Quase sempre sou voto vencido em debates sobre os mecanismos de viabilização do golpe, dos estratégicos aos operacionais. Não tenho muita simpatia pelas velhas teorias que sempre buscam explicações nas conspirações internacionais. É uma conversa que tem evoluído nos últimos meses.

É claro que tudo contra governos ou projetos de esquerda tem apoio de fora, tem dinheiro (e muito dinheiro), com interferência em ações que interferem na política e na economia. E há o desejo permanente de impor ordens e interesses por meios não democráticos. Mas o golpe foi, na essência, resultado das aspirações e da mobilização do Brasil arcaico.

Sim, o pato da Fiesp e a imprensa foram protagonistas, mas o tocador do golpe foi o Congresso de Eduardo Cunha, do jaburu, do Caiado, do Zé Agripino, de Aécio, do Bolsonaro e do baixo clero, esse baixo clero do qual poucos sabem dizer os nomes.

O Brasil primitivo, esse Brasil do século 19 ainda vivo, fez a operação que derrubou Dilma. E faria com ou sem apoio internacional. E nada resolveria ter apoio internacional sem esse Congresso.

A bancada BBB é da bala, do boi e da Bíblia. Ainda não foi preciso acrescentar o B dos bancos, que estão presentes, até indiretamente, mas de forma insignificante, porque atuam nos bastidores. As bancadas que decidiram o golpe são as do Brasil do atraso, dos senhores apresentados ao país em maio do ano passado, quando o processo contra Dilma foi aberto pela Câmara, e depois em agosto, quando o Senado consumou o ataque ao governo.

Os porta-vozes da família, da ordem, de Deus e da moral derrubaram Dilma na câmara e no Senado e agora protegem Aécio e o jaburu. Por ação fisiológica, por recompensas diversas, em aliança com a parte ideológica da direita do Congresso. Eles foram e são os condutores do golpe.

Defendi esse ponto de vista nada original na sexta-feira, em debate do 1º Encontro Gaúcho pelo Direito à Comunicação, promovido pelo Comitê Gaúcho do Fórum Nacional pela Democratização da Comunicação (FNDC), CUT-RS, Sindicato dos Jornalistas, Sindsepe-RS e Fabico da UFRGS.

Falo disso agora porque o jornalista e cientista político André Singer, ex-porta-voz de Lula, estudioso do lulismo, escreveu na mesma linha seu artigo de sábado na Folha. Dilma foi golpeada pelo que temos de mais reacionário no Congresso, pela parcela manobrável que ela mesma subestimou ao enfrentar o poder de Eduardo Cunha.

Dilma não perdeu para o sistema financeiro mundial, perdeu para a base do novo escravismo, para os destruidores das florestas, grileiros, coronéis, jagunços rurais e urbanos, para os que defendem a eliminação de pequenos bandidos (e a proteção dos grandes), dos que estimulam e financiam, em nome de Deus, a perseguição a negros, gays, exposições, professores, artistas.
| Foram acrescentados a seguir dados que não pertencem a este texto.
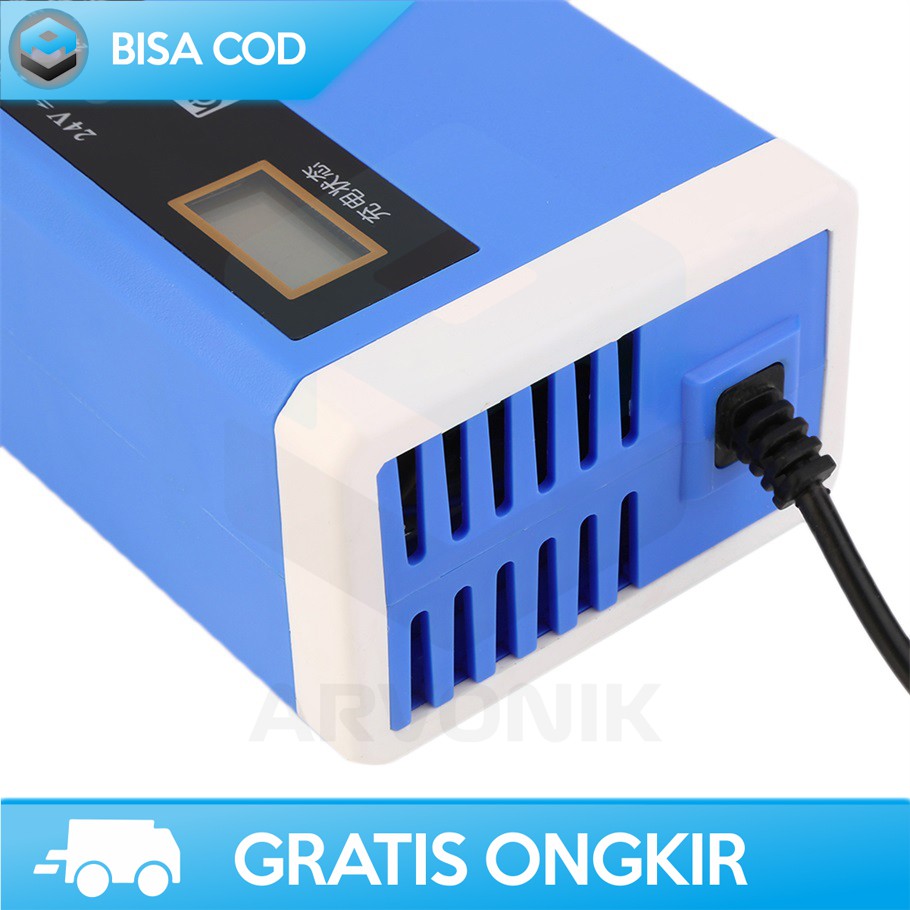 CAS AKI MOBIL DAN MOTOR TAFFWARE ORIGINAL UD21 FAST CHARGER 24 V 10A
Singer prevê que estes mesmos deputados e senadores ou seus similares estarão de volta na eleição de 2018.

Por isso, colocar a culpa no sistema financeiro é tentar sofisticar o golpe. Fomos todos golpeados pela chinelagem. Claro que a evolução do golpismo se dará com eles e com todos os que sustentaram o teatro de maio e agosto, incluindo parte do Judiciário (e o que é mais alarmante agora, com o suporte policialesco que intensifica a perseguição aos movimentos sociais, ao lado das milícias fascistas).

Mas o golpe mesmo foi aplicado e é liderado pelo Brasil arcaico que não precisa se submeter às ordens de ninguém.

 

One thought on “O GOLPE DOS JAGUNÇOS E DOS CORONÉIS

  1. Ainda que se admita que foi apenas “coisa nossa”, há que ponderar o que veio depois: vendas do pré-sal, mais privatizações, pressões sobre os Estados endividados para privatizar suas estatais também, desmanche das leis trabalhistas e da previdência social e, pior, desvio dos recursos para a escolas públicas e universidades, além dos novos currículos escolares esfacelados!